**WHAT IS REQUIRED**.
Every entry must be copied word for word.

Records contained in a dataset

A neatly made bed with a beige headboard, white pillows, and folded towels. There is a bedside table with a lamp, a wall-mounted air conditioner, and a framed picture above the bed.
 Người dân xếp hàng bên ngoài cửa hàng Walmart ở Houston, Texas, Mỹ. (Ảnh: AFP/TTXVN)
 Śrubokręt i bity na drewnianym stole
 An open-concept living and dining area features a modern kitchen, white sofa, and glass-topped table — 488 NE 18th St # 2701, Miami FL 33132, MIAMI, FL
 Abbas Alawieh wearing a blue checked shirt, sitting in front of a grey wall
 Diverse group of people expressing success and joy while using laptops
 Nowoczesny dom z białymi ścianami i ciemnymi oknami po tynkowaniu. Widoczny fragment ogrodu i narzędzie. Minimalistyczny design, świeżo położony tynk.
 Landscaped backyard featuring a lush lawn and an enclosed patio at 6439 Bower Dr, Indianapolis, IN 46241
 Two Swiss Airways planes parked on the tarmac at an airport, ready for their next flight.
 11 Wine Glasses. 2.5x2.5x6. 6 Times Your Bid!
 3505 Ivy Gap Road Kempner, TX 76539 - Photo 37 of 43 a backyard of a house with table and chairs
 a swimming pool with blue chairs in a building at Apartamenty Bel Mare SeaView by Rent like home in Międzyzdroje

**YOUR SOLUTION**.
A neatly made bed with a beige headboard, white pillows, and folded towels. There is a bedside table with a lamp, a wall-mounted air conditioner, and a framed picture above the bed.
 Người dân xếp hàng bên ngoài cửa hàng Walmart ở Houston, Texas, Mỹ. (Ảnh: AFP/TTXVN)
 Śrubokręt i bity na drewnianym stole
 An open-concept living and dining area features a modern kitchen, white sofa, and glass-topped table — 488 NE 18th St # 2701, Miami FL 33132, MIAMI, FL
 Abbas Alawieh wearing a blue checked shirt, sitting in front of a grey wall
 Diverse group of people expressing success and joy while using laptops
 Nowoczesny dom z białymi ścianami i ciemnymi oknami po tynkowaniu. Widoczny fragment ogrodu i narzędzie. Minimalistyczny design, świeżo położony tynk.
 Landscaped backyard featuring a lush lawn and an enclosed patio at 6439 Bower Dr, Indianapolis, IN 46241
 Two Swiss Airways planes parked on the tarmac at an airport, ready for their next flight.
 11 Wine Glasses. 2.5x2.5x6. 6 Times Your Bid!
 3505 Ivy Gap Road Kempner, TX 76539 - Photo 37 of 43 a backyard of a house with table and chairs
 a swimming pool with blue chairs in a building at Apartamenty Bel Mare SeaView by Rent like home in Międzyzdroje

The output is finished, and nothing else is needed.